雷鳴、爆音、全ての大音量が混ざった音と共に青い衝撃波がドラゴンまで射出される。その衝撃波が通った地面は割れていた。
「グググ!!」
ドラゴンはとっさに避ける。だが右翼の先がわずかに切り落とされた。そして、後ろの切り立った丘が綺麗にスパンと切れる様子が見て取れた。
「やれやれ、一筋縄ではいかないか」
「ギッギャアアアアアアア!」
ドラゴンが空高く飛び上がる。祐一もそれに続いて飛び上がった。
「空中戦は専門外だ」
ドラゴンがいきなり向きを変え祐一に急襲する。
「何!?」
ドラゴンのかぎ爪が祐一の脇腹をかすった。それだけで祐一の脇腹の肉がかなりそがれ、血があふれ出す。
「いてて」
当の祐一はさほど痛くなさそうにさすってるだけだった。
「水よ、我が体を癒せ」
祐一がそう言うとさする手が青白く輝き、みるみるうちに傷が治っていった。落ちながらの作業にしてはかなり冷静な方である。
「さあてと・・・・」
祐一は風魔法で空中に静止する。ドラゴンも同じ高さに静止した。
「ドラゴン。こっちにもいろいろあってな。そろそろ戦うのが難しくなってきそうだ」
「ギャ?」
ブラックドラゴンは災厄の象徴であるが、知能も他のドラゴンと同じく人以上あるのである。
「命を落とすのだけは勘弁だ」
祐一はその瞬間、光魔法を発動する。

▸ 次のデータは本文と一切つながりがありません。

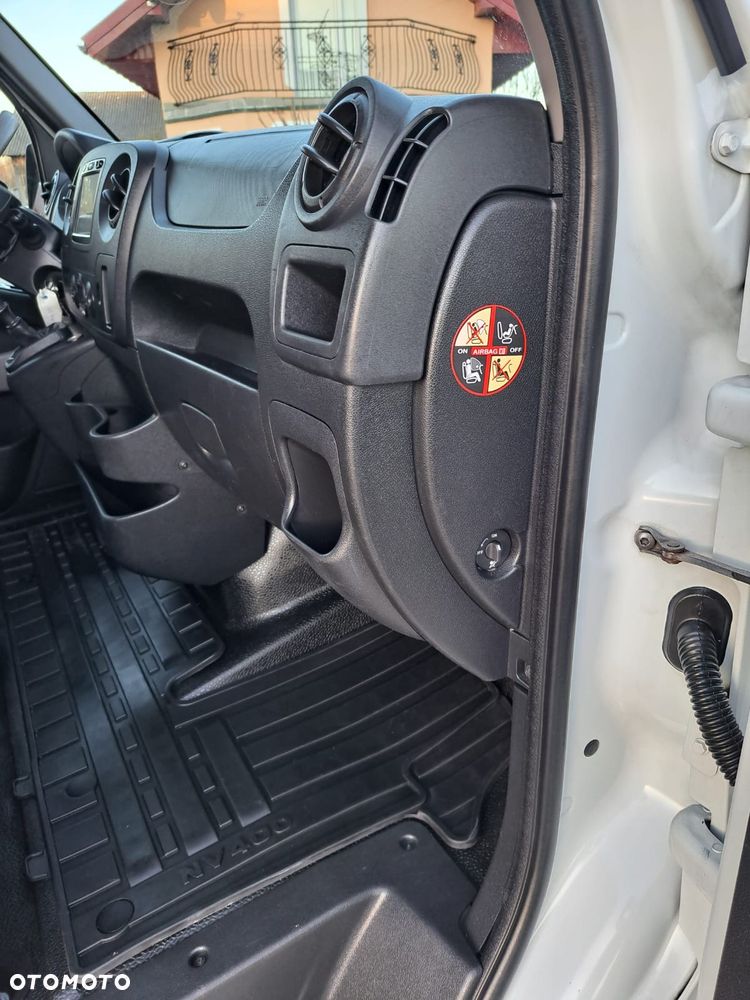 Nissan NV400 - 9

あたりは閃光に覆われ、ブラックドラゴンはとっさのことに対応できず視界を奪われる。
「ぬん!」
祐一は上空に風魔法を一気に放ち、方向転換をする。そして、頭から地面に突っ込んだ。
「慣れないぜこの感覚!」
そのまま祐一はドラゴンを差し置いて、地面を進みながら次の町まで向かうのであった。